■ Aim of the exercise ■
Write out the lines of the material below exactly, beginning at the line with "Vasteplant - Waldsteinia" and stopping after the line with "PNG Watercolor zinnia", and leave out the pictures.

■ Data for this exercise ■
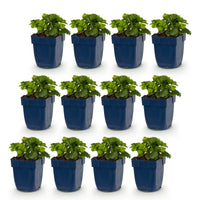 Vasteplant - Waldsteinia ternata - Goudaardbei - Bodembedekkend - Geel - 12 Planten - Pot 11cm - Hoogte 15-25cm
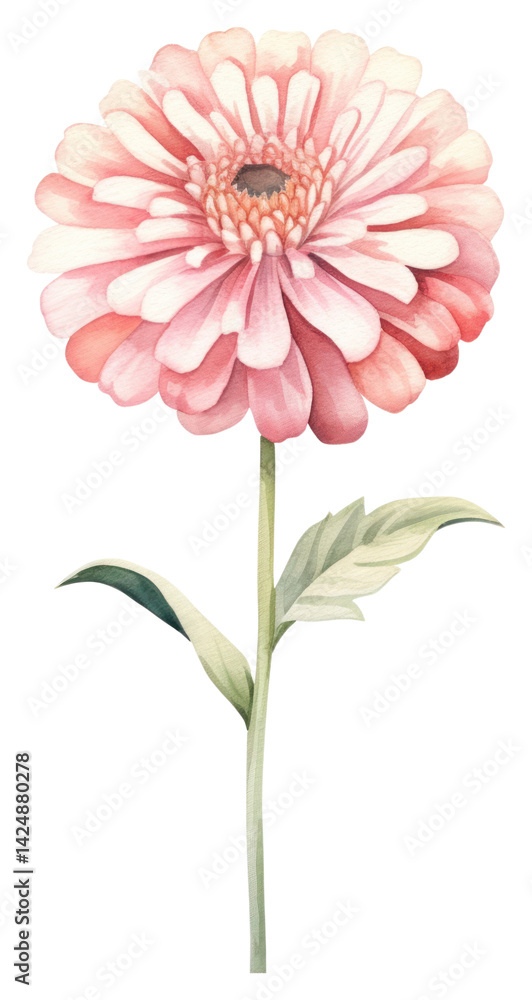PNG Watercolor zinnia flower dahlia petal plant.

==

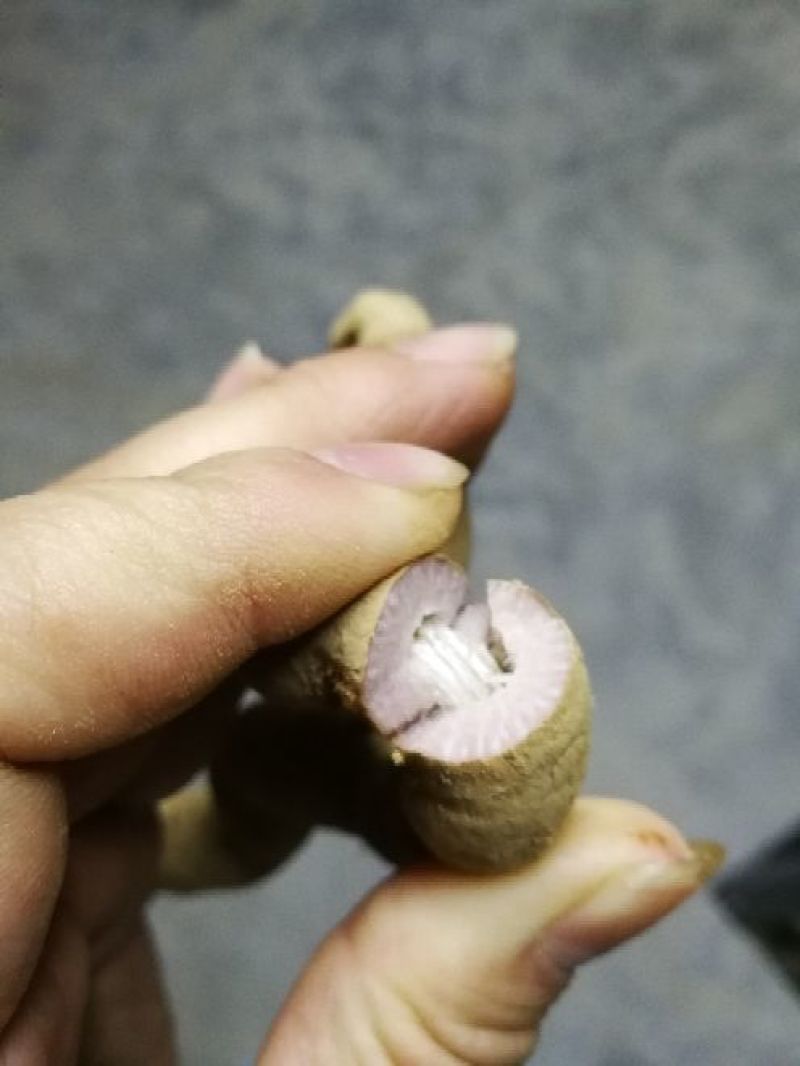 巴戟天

■ Exercise answer ■
 Vasteplant - Waldsteinia ternata - Goudaardbei - Bodembedekkend - Geel - 12 Planten - Pot 11cm - Hoogte 15-25cm
PNG Watercolor zinnia flower dahlia petal plant.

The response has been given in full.